- Problem
Starting at the top line and ending at the bottom one, repeat the entries exactly and drop every picture.

Captioned web images:
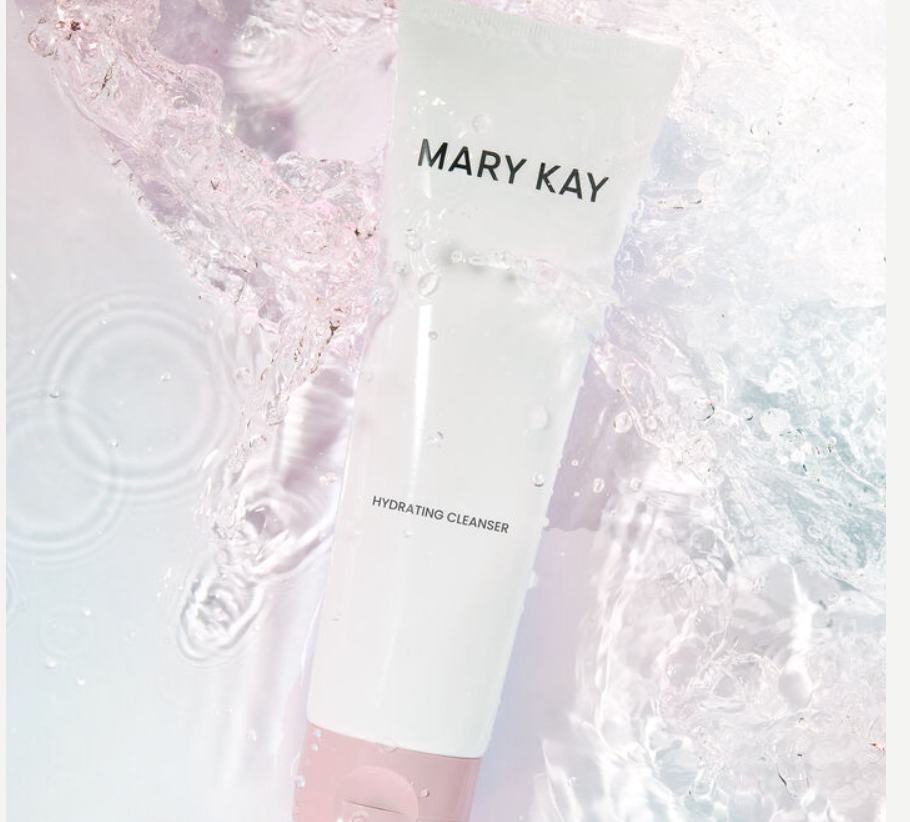 Mary Kay® Hydrating Cleanser – Gentle Face Cleanser for Dry Skin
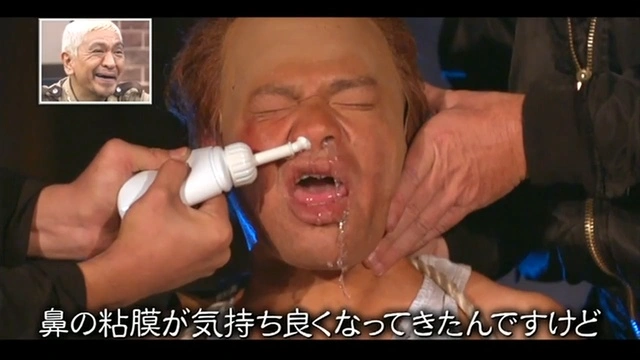 Buzzvideo Story ジミー大西 嗅覚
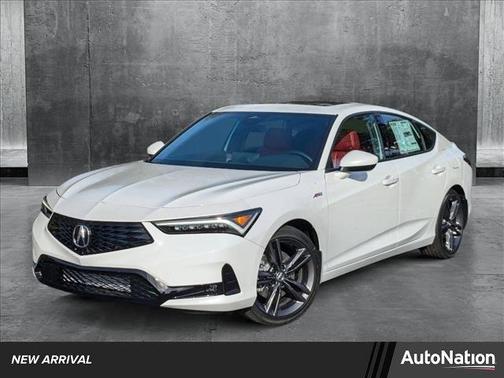 2025 Acura Integra A-SPEC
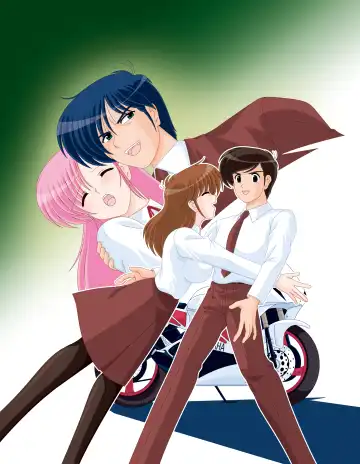 [Watanabe Yoshimasa] Nijigen Tennyo DL Fhentai - Page 4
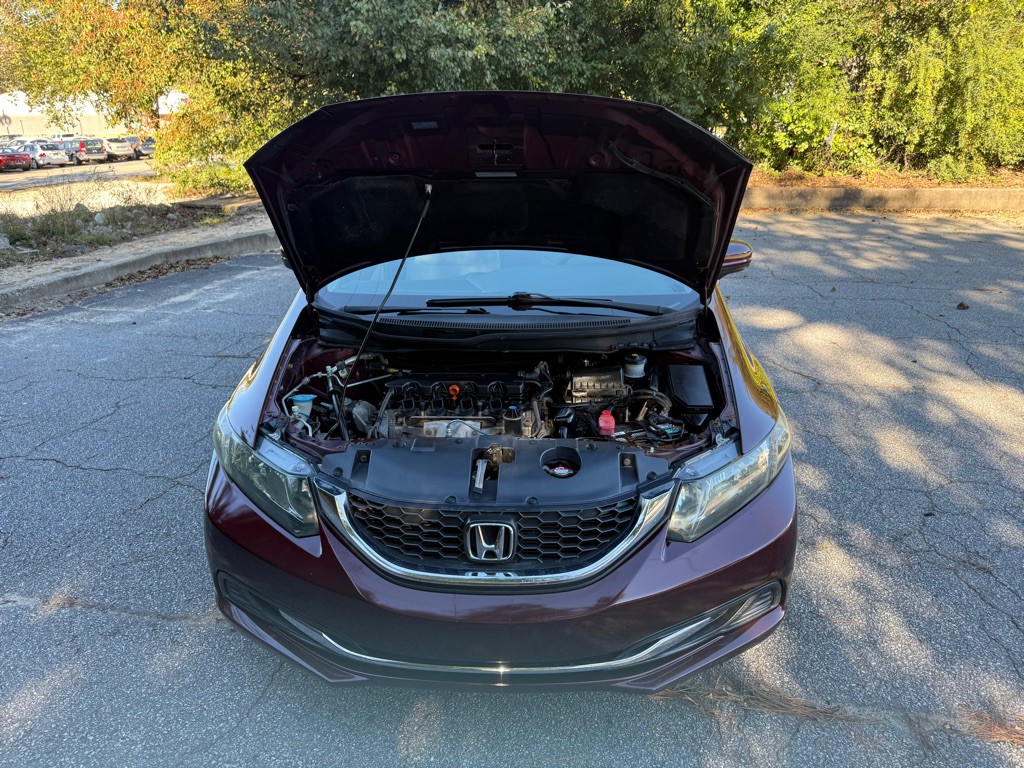 2014 Honda Civic Image 21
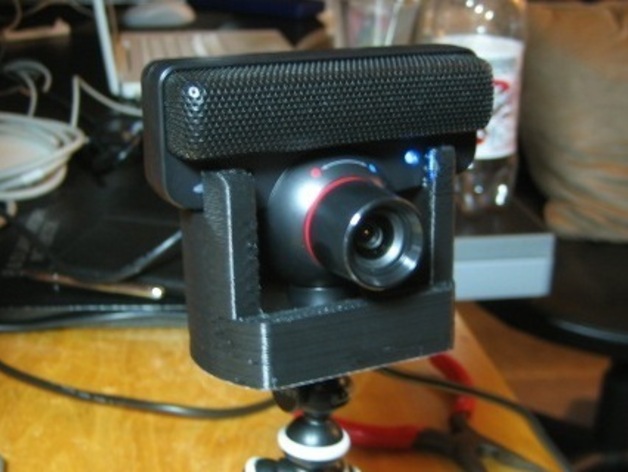 ps3 eye camera mounting clip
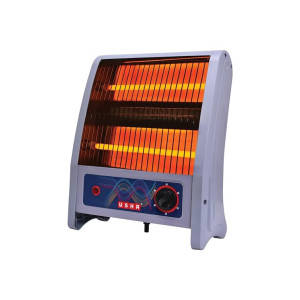 Usha 2 Rod Quartz Heater 800W with Low Power Consumption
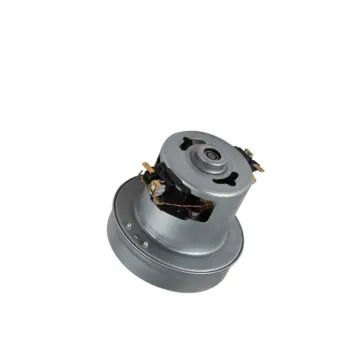 OEM Wet and Dry AC 1200W Vacuum Cleaner Motor with Low Noise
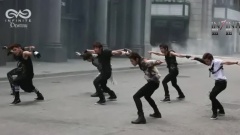 Infinite - Naver Music Infinite Destiny 拍摄花絮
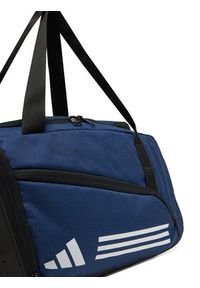 Adidas - adidas Torba Essentials 3-Stripes XSmall JM9061 Granatowy. Kolor: niebieski. Materiał: materiał #5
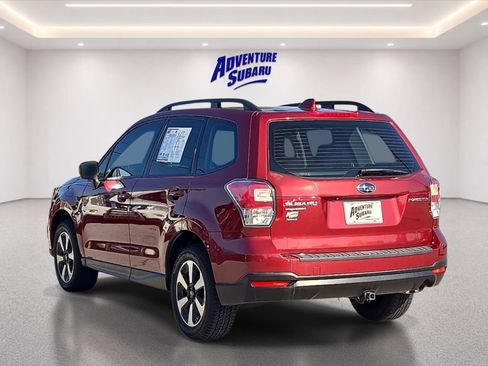 Used 2018 Subaru Forester 2.5i w/ Alloy Wheel Package AWD/4WD image 5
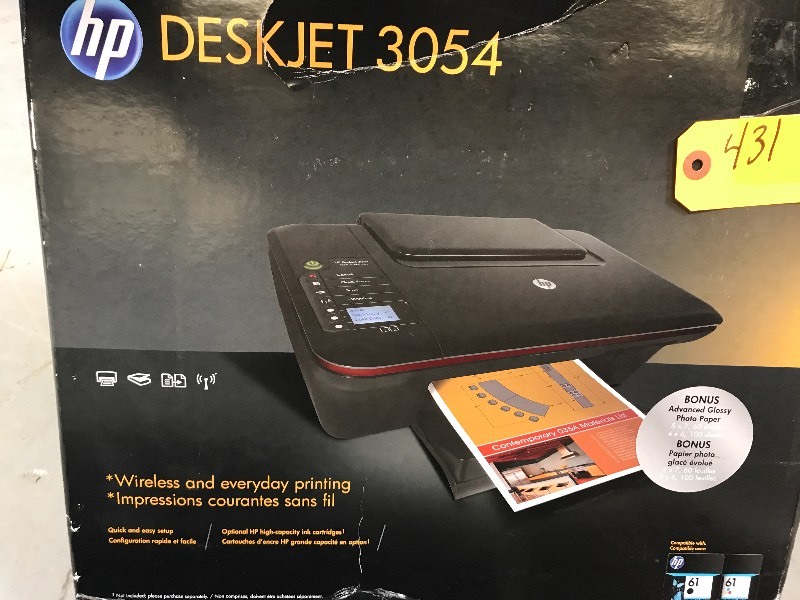 INKJET PRINTER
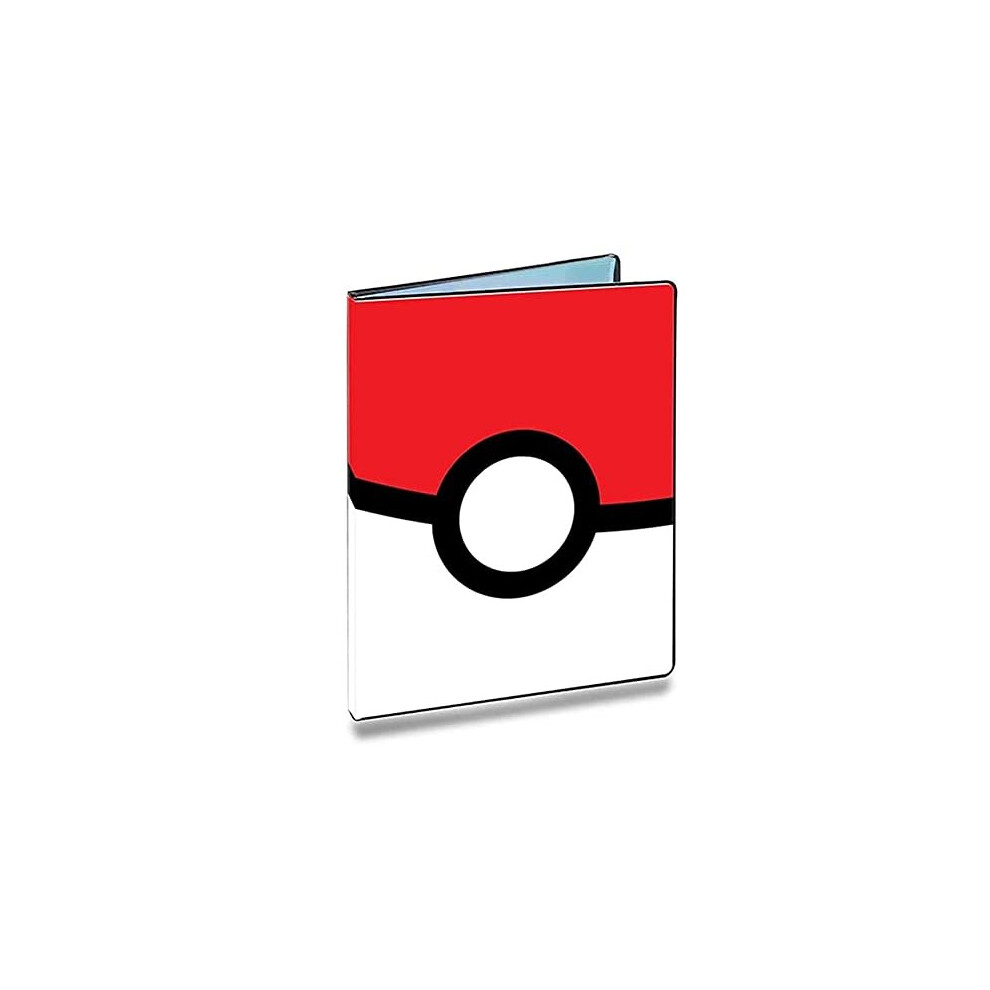 | Pokeball 9-Pocket Portfolio | Card Game | Ages 6+ | 2 Players | 10+ Minutes Playing Time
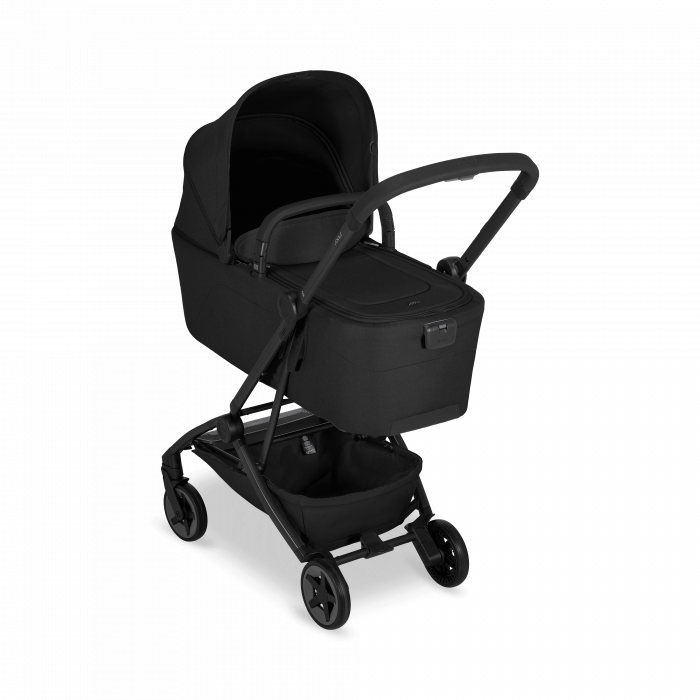 Landou pliabil pentru cărucior copii, Joolz, Aer2 - Space Black [5]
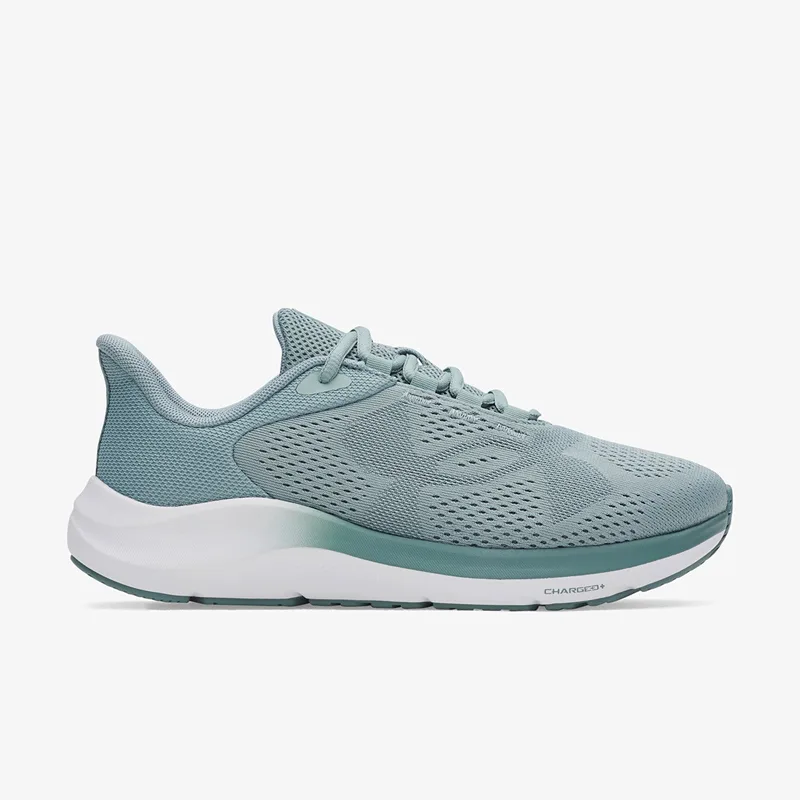 Sneakers Under Armour W Charged Pursuit 4 BL Green EUR 37.5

- Written answer
 Mary Kay® Hydrating Cleanser – Gentle Face Cleanser for Dry Skin
 Buzzvideo Story ジミー大西 嗅覚
 2025 Acura Integra A-SPEC
 [Watanabe Yoshimasa] Nijigen Tennyo DL Fhentai - Page 4
 2014 Honda Civic Image 21
 ps3 eye camera mounting clip
 Usha 2 Rod Quartz Heater 800W with Low Power Consumption
 OEM Wet and Dry AC 1200W Vacuum Cleaner Motor with Low Noise
 Infinite - Naver Music Infinite Destiny 拍摄花絮
 Adidas - adidas Torba Essentials 3-Stripes XSmall JM9061 Granatowy. Kolor: niebieski. Materiał: materiał #5
 Used 2018 Subaru Forester 2.5i w/ Alloy Wheel Package AWD/4WD image 5
 INKJET PRINTER
 | Pokeball 9-Pocket Portfolio | Card Game | Ages 6+ | 2 Players | 10+ Minutes Playing Time
 Landou pliabil pentru cărucior copii, Joolz, Aer2 - Space Black [5]
 Sneakers Under Armour W Charged Pursuit 4 BL Green EUR 37.5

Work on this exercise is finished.